*INFORMATION GIVEN*
———
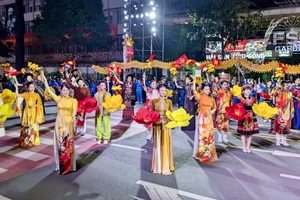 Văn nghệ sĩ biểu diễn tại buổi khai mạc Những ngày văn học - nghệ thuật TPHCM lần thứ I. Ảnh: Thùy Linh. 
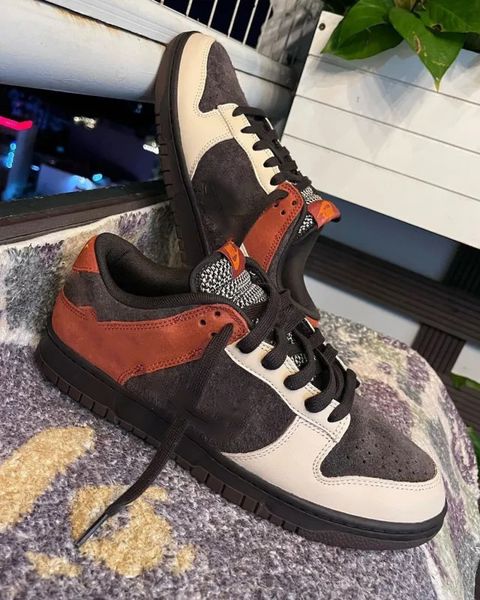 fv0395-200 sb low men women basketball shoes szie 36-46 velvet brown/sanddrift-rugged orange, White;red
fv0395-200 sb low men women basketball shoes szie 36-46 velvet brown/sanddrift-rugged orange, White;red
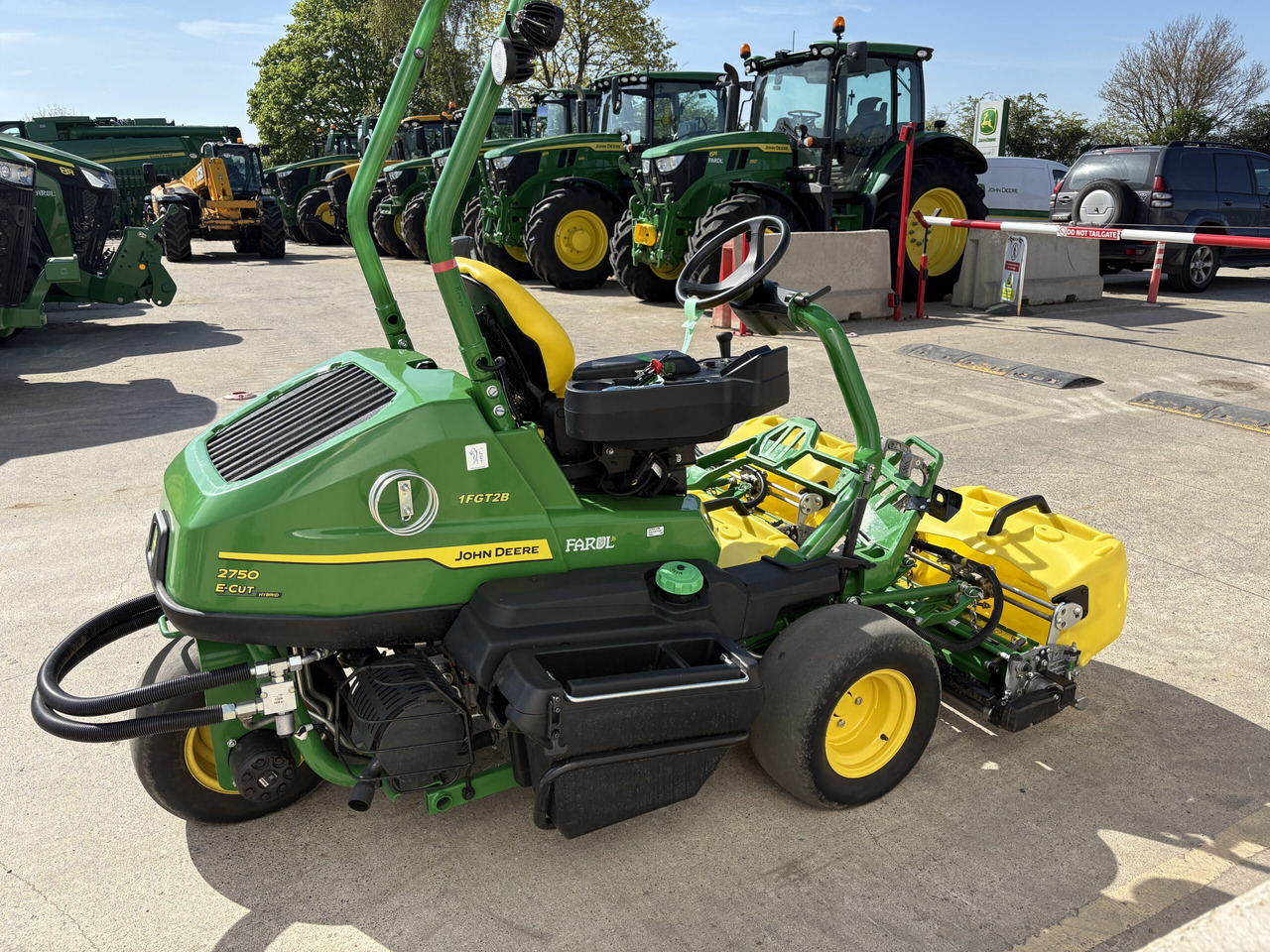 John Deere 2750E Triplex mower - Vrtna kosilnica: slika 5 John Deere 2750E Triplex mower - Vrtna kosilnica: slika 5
———
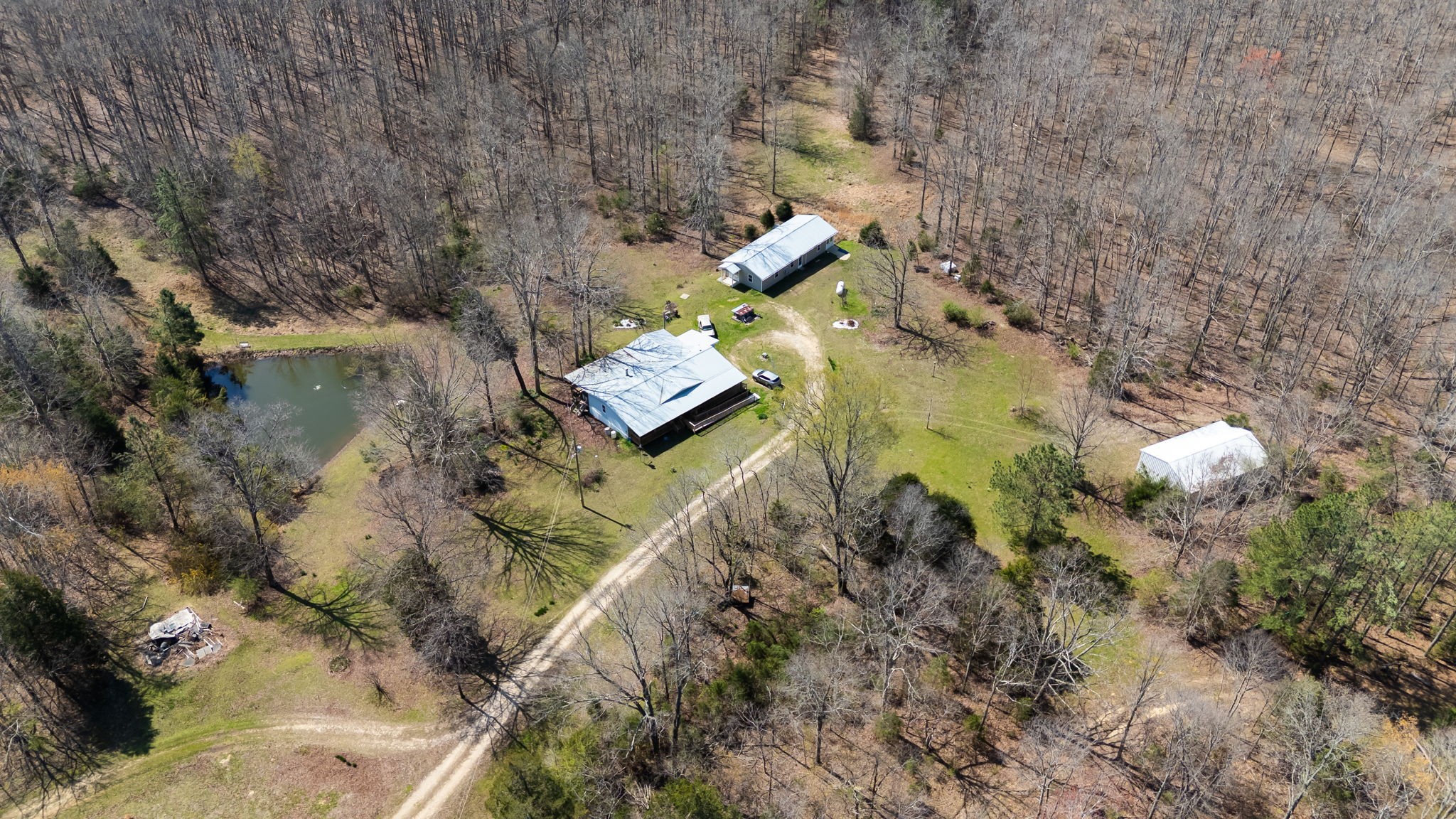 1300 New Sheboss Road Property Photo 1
———
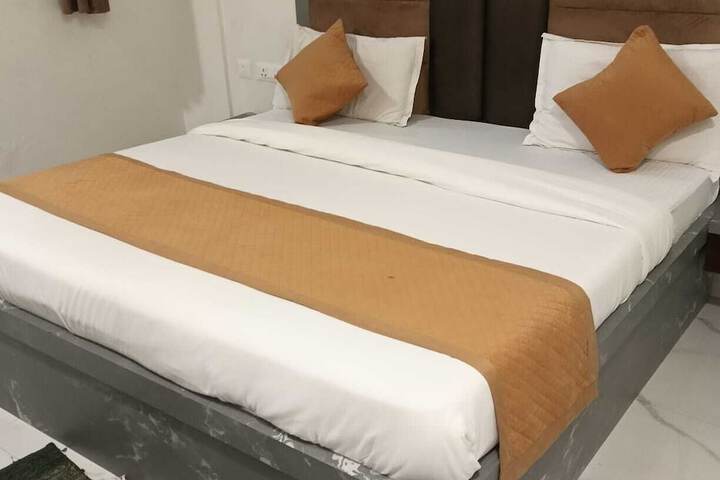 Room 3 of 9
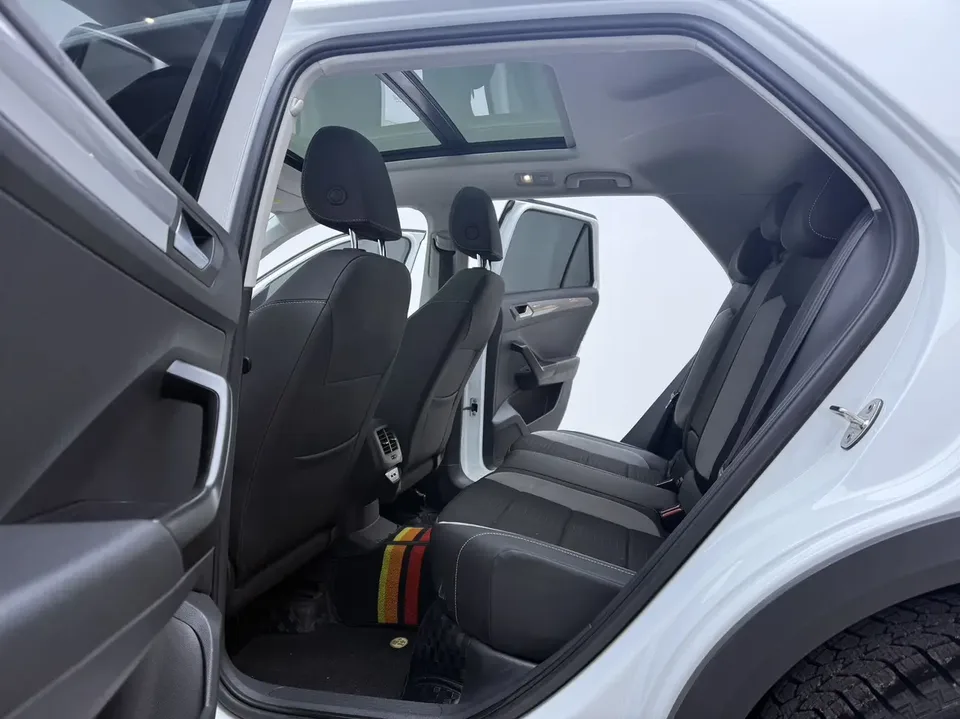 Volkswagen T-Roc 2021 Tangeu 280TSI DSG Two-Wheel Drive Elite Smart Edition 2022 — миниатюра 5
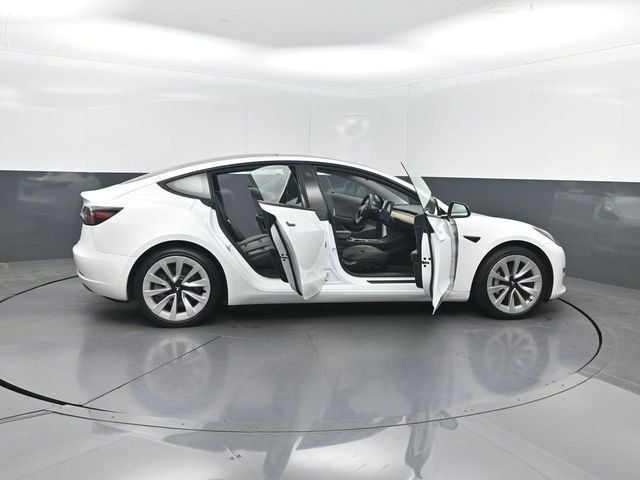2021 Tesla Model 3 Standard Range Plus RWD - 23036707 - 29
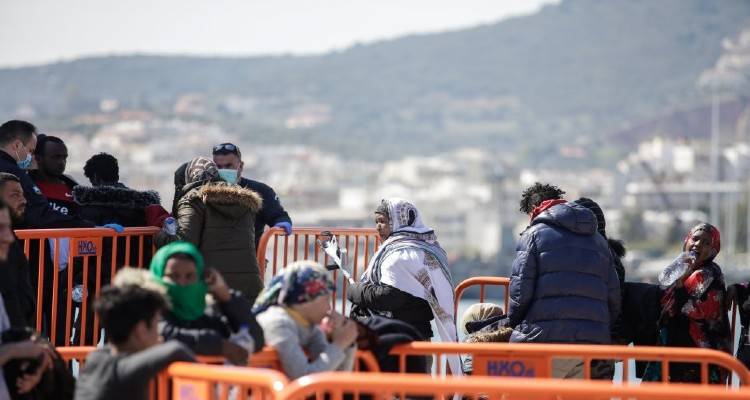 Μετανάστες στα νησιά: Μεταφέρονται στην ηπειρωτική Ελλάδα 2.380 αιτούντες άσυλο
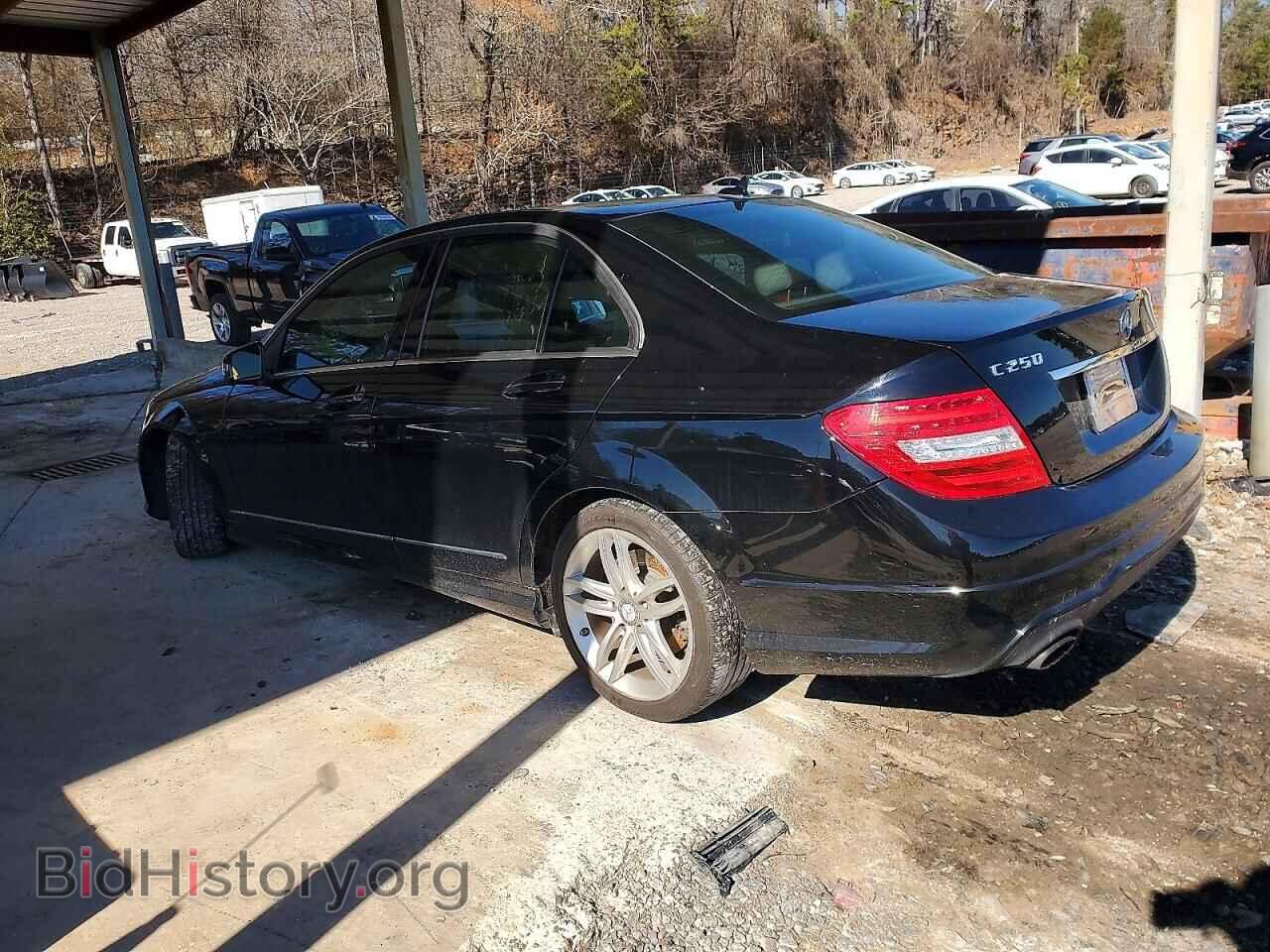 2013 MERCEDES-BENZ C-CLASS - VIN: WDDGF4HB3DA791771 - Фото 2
———
*TASK DIRECTIONS*
Here the job is to copy the listing above word for word, starting at the line with "Room 3 of 9" and ending at the line with "2013 MERCEDES-BENZ C-CLASS", and to leave out the pictures.

*RESPONSE*
 Room 3 of 9
 Volkswagen T-Roc 2021 Tangeu 280TSI DSG Two-Wheel Drive Elite Smart Edition 2022 — миниатюра 5
2021 Tesla Model 3 Standard Range Plus RWD - 23036707 - 29
 Μετανάστες στα νησιά: Μεταφέρονται στην ηπειρωτική Ελλάδα 2.380 αιτούντες άσυλο
 2013 MERCEDES-BENZ C-CLASS - VIN: WDDGF4HB3DA791771 - Фото 2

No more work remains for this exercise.